▶ _TASK REQUIREMENTS_
Repeat exactly, and only, the lines below starting at the line that contains "Yves Joris Toverchampignon" and ending at the line that contains "Nếu biết ai", inclusive of both.
*** GIVEN RECORDS Section Begins ***
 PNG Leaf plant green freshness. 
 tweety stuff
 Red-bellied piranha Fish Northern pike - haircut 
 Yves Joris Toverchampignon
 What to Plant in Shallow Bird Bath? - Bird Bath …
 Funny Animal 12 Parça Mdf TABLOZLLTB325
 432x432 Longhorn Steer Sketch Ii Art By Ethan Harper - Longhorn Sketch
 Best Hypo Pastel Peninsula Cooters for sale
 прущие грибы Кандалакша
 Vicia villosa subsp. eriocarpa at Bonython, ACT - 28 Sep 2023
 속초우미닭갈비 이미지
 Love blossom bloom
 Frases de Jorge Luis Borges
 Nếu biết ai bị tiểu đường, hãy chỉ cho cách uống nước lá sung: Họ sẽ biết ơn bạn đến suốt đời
*** GIVEN RECORDS Section Ends ***
*** GIVEN RECORDS Section Begins ***
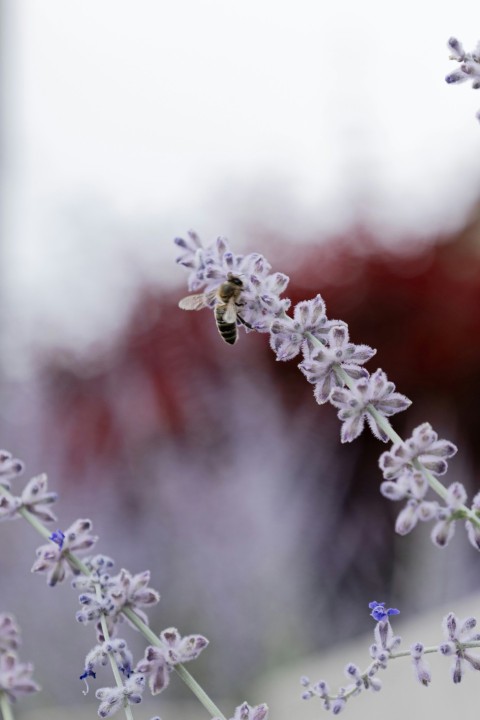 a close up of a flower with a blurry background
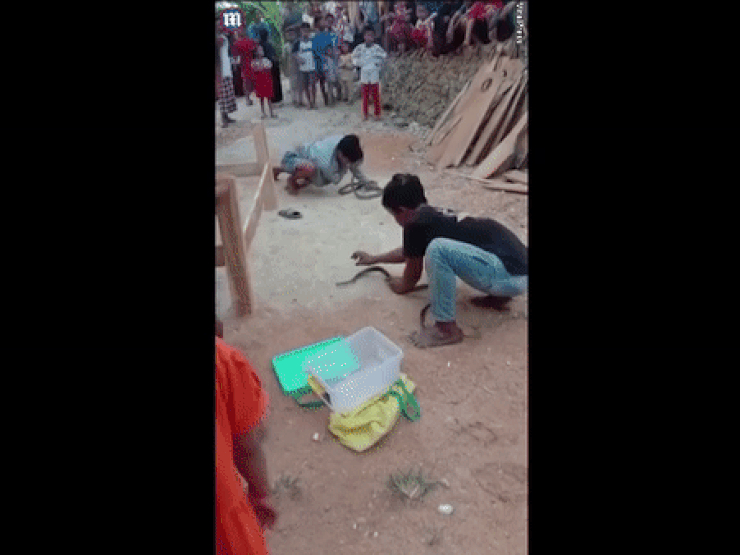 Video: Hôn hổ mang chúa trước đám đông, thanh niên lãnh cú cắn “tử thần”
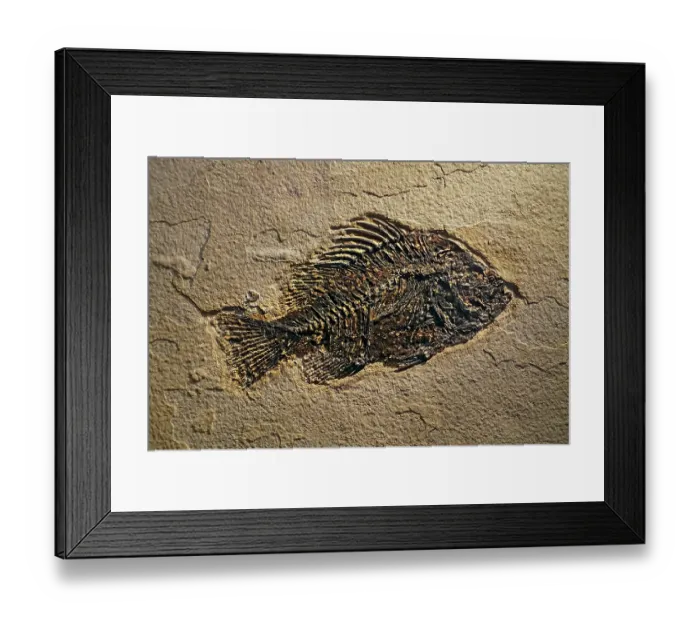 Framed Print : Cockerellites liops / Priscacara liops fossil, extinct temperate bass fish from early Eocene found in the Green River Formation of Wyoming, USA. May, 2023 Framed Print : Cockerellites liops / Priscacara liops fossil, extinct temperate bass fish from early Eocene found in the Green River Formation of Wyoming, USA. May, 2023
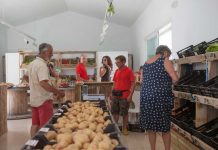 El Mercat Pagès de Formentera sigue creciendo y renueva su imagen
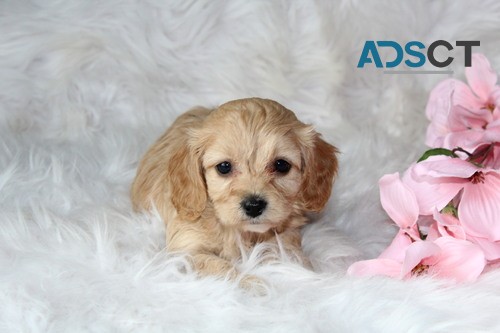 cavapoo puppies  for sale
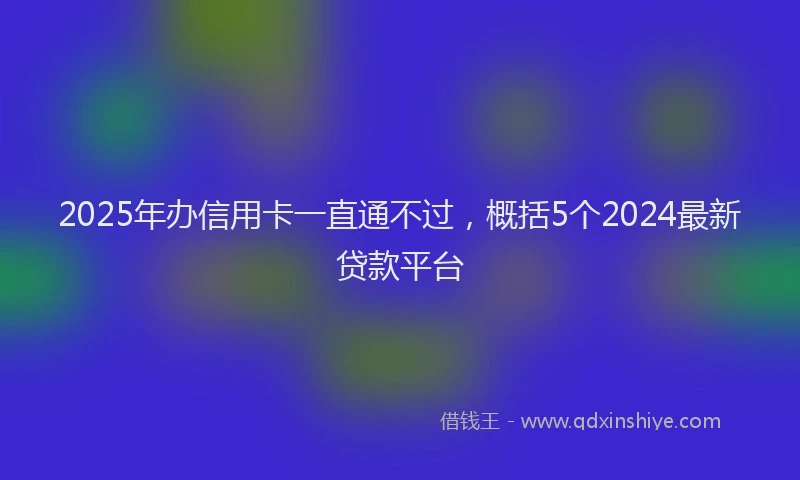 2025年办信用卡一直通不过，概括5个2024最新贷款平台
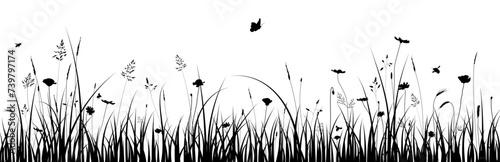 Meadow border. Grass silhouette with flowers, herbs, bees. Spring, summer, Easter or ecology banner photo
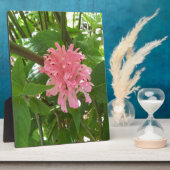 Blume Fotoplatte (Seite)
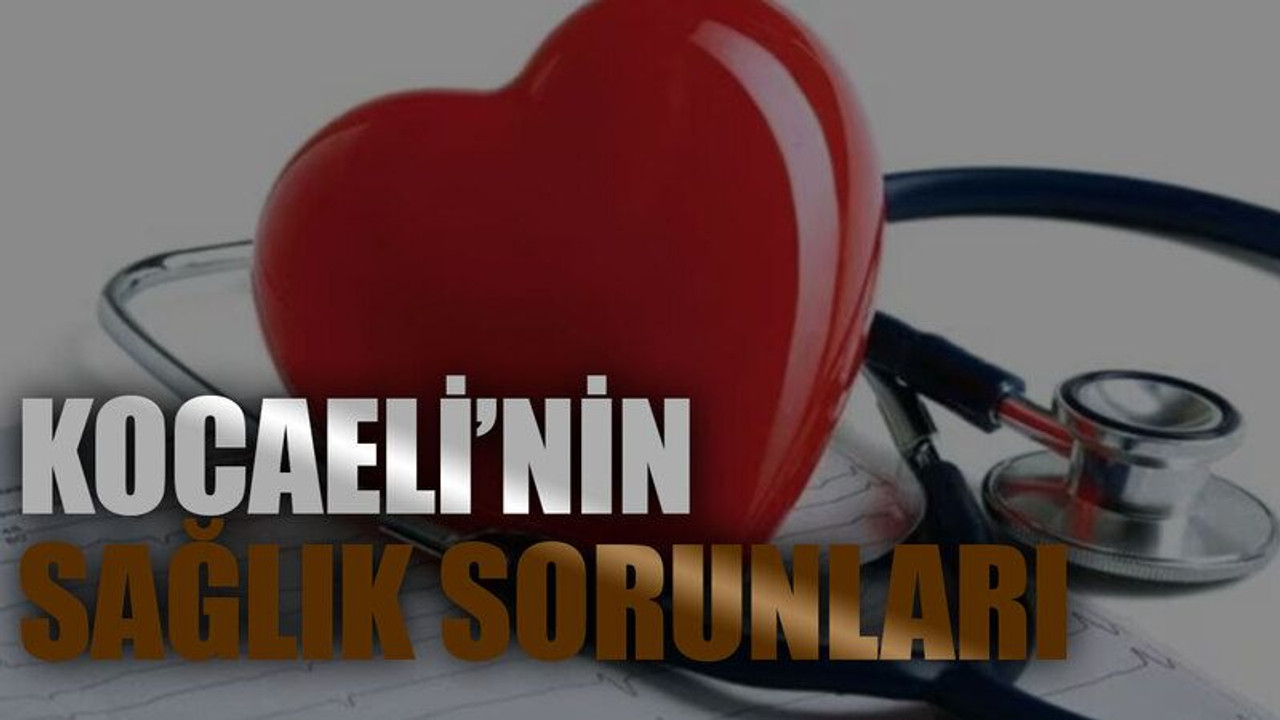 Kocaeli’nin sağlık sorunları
*** GIVEN RECORDS Section Ends ***
▶ _SOLVED PROBLEM_
 Yves Joris Toverchampignon
 What to Plant in Shallow Bird Bath? - Bird Bath …
 Funny Animal 12 Parça Mdf TABLOZLLTB325
 432x432 Longhorn Steer Sketch Ii Art By Ethan Harper - Longhorn Sketch
 Best Hypo Pastel Peninsula Cooters for sale
 прущие грибы Кандалакша
 Vicia villosa subsp. eriocarpa at Bonython, ACT - 28 Sep 2023
 속초우미닭갈비 이미지
 Love blossom bloom
 Frases de Jorge Luis Borges
 Nếu biết ai bị tiểu đường, hãy chỉ cho cách uống nước lá sung: Họ sẽ biết ơn bạn đến suốt đời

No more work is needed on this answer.